It is really important to remember that the force and distance of the equation above have to be parallel! That mean that if someone is walking around (on a flat surface) carying a tray he is not doing any work on it. The distance the person is going is perpendicular to the force that is pushing the tray up. Now imagine that someone is walking up the stairs,  the distance now is parallel to the force, that in this case is the weight of the person. Remember that if you were to calculate the work done by the person climbing up the stairs you wold use the distance from the very top straight down, not the diagonal extension of the stairs! What matters in the stairs scenario is how far up from the ground you are, not how much distance you walked. Remember that if you are pushing against a wall, you are not doing work on the wall since its not moving, but you are doing work within yourself inside your body.

Power:

Power is a rate of  how fast work is being done! The equations for power is


Power = work/time

Imagine that there is a race up the stairs and both participants have the same weight (force is constant), which of the competitors would have more power? The one that won the race! The winer of the race would have more power because he would have done the same amount of work (since the distance and force are constant) in a shorter amount of time!

Potential Energy:

Pontial Energy is the energy of possition, is the energy stored in "readiness", the energy that has the potential of doing work. Because Potential Energy is the energy of possition, ther higher something is from the ground the more PE it has! The Equation for Potential Energy is:

PE = mgh

Kinetic Energy:

Kinetic Energy is the energy of movement! The faster something is moving the more kinetic energy it has. The equation for Kinetic Energy is

KE = 1/2mv2

Another important thing to remember about KE is that the change in kinetic energy is equal to work. Therefore...

 change in KE = fd

Work = 1/2 mv2

Conservation of Energy:

Conservation of Energy's simple deffinition is enegy in is equal to energy out! Based on that deffinition we can talk about the relationship between the kinetic energy and potential energy. Let's say that there is a person jumping from a rock to the sea, when the person is on the top of the rock and about to jump he has PE. When he jumps from the rock he loses height and therefore loses PE  (PE = mgh), but since we have established that energy in is equal to energy out, the energy can't be lost right? Right, the energy is being transformed from PE to KE. Now the person does not have as much height but it is a greater velocity therefore no energy is lost, it is only transfered.

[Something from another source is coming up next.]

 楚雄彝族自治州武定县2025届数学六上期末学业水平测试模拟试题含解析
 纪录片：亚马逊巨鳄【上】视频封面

The same idea applies to roller coasters, the same hill is always the highest one so that it accumulates enough energy to go through all the elevations. As the car goes down, the PE goes down but KE goes up. If added together at any part of the ride, the KE and PE of the car will equal the PE that the car had on the first hill.

Machines:

Machines can be understood by using the concept of conservation of energy. We said earlier that energy in = energy out and that change in KE = work. That means that the work in also equals the work out! A machine works by increasing the distance you put in in order to decrease the force (work = fd).  To decrease the force you have to exert, you will have to pull for a longer distance and the distance that the object will move will be smaller that the one you pulled. Regardless of how the distances turn out to be the work in wil always equal the work out.

Efficiency: 

In real life no machine works with 100% efficiency. There is always some energy that is transformed in something else, like in heat due to friction. The efficiency of a machine can be meassure by dividing the energy output by the energy input.

Reflection:

The first part of this unit was easy to understand. The concept of work seemed easy enough to understand. On the quizzes about work tough... I fell for every single one of the questions that asked how much work someone walking with their books is doing. No work, the  answer is no work! I found it hard not to be ready to plug in numbers that were given to me before analising if there was any work being done at all. When question asked for me to say what would happened to the work if the velocity was doubled I also got a little confused but after going over on of those questions with my teacher I now know what to do! The questions about the change in kinetic energy, when the velocity went from a number to another also tricked me. I made the mistake of calculating the difference in velocity first and using that number in the kinetic energy formular, while I learned that I should have calculated the kinetic energy of each individually, and then found the difference.  This energy was easy in theory but complicated in practice but after looking back to some quizzes I found out what mistakes I made and now know what not to do!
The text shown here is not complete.